Challenge your assumptions about publishing as a zero-sum game by considering these questions about the strategic challenges of genre promotion:

  • Does publishing have a finite pool of readers, writers, manuscripts, genres, shelves, formats, publishers?
  •  If someone else sells a million copies of their book, does that limit the number of copies you can sell?
  • Do authors who attack or obstruct other authors have successful fiction careers?
  • Do genre readers restrict their purchases by any one author, subgenre, or publisher? Is there a limited supply of humans who read?

Abundance demolishes zero-sum strategy.

Like all entertainment (and indeed all business) publishing operates as an open system, producing new content, readers, subgenres, vendors, and profits daily. As e-publishing has flourished it has moved from scarcity to abundance.

Genre fiction can never be reduced to a zero-sum game.

No one becomes a bestseller by tossing every other potential blockbuster on a bonfire and assassinating other authors. No bestseller stays at number one, on every list, forever. Readers who pick up one book do not lose the ability to pick up many others. All research indicates that the person who enjoys one book will probably seek out similar titles, so every book sold increases the chances another author’s reader might become one of yours (or vice versa).

You are not in competition with your colleagues. You are not in competition with anyone but yourself. In fact, the more you work positively and dynamically with your peers, the more inevitable your success.

One of the greatest inducements to fair play is the prospect of repeat business, and genre publishing is all about word of mouth and repeat business. If everyone involved knows that they’ll be interacting again, they’ll go further to satisfy each other’s concerns by cooperating and making concessions. We see that logic operating with the “what happens in Vegas” mentality of rude tourists. If you know you’ll see these folks often, you probably won’t go swimming naked in the hotel fountain. The damage to loyalty and trust can be irrevocable, and so the possibility of repeat business discourages misbehavior that damages the professional ecosystem.
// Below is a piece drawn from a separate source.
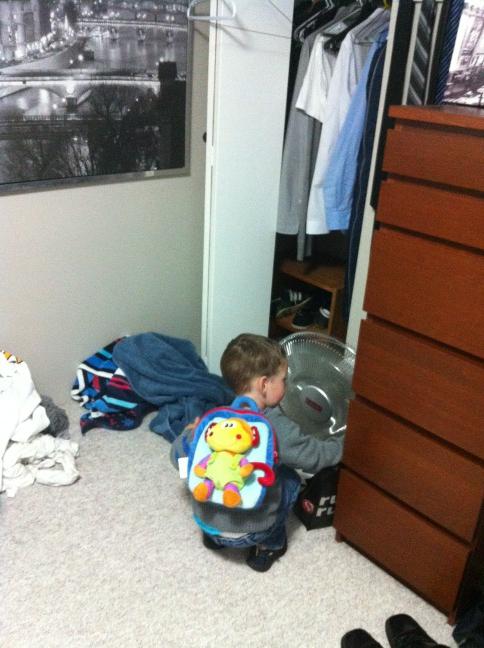 caitowen15's tweet image. Bennett getting into everything in @travis_crowe17 room while he's a work #monkeybag #myloves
The wise win before they fight, while the ignorant fight to win. — Zhuge Liang, military strategist of the Three Kingdoms period

For a game to progress, all players must agree to abide by the rules and engage each other at their best. Serious players bring two qualities to the table, generosity with other players and retaliation to anyone who refuses to play fair.

There is no substitute for caring for your colleagues and your readers. Your time is limited, your budget is limited, your output is limited, but your heart and your imagination are infinite.


[i] For more information on the Prisoner’s Dilemma, see Evolution of Cooperation by Robert Axelrod or Games Prisoners Play: The Tragicomic Worlds of Polish Prison by Marek M. Kaminski.

[ii] In his book Game-changer, Professor David McAdams calls these two essentials “Intrinsic desire to cooperate” and “Power to punish others who fail to cooperate.”

[iii] In 2004 game theorist Graham Kendall hosted a contest in honor of the twenty-year anniversary of Axelrod’s original experiment. It was won by a group who managed to improve on Tit for Tat because the original strategy wasn’t generous enough. Increased cooperation improved the odds and won the day. cf The Art of Strategy by Avinash Dixit & Barry Nalebuff, p. 77.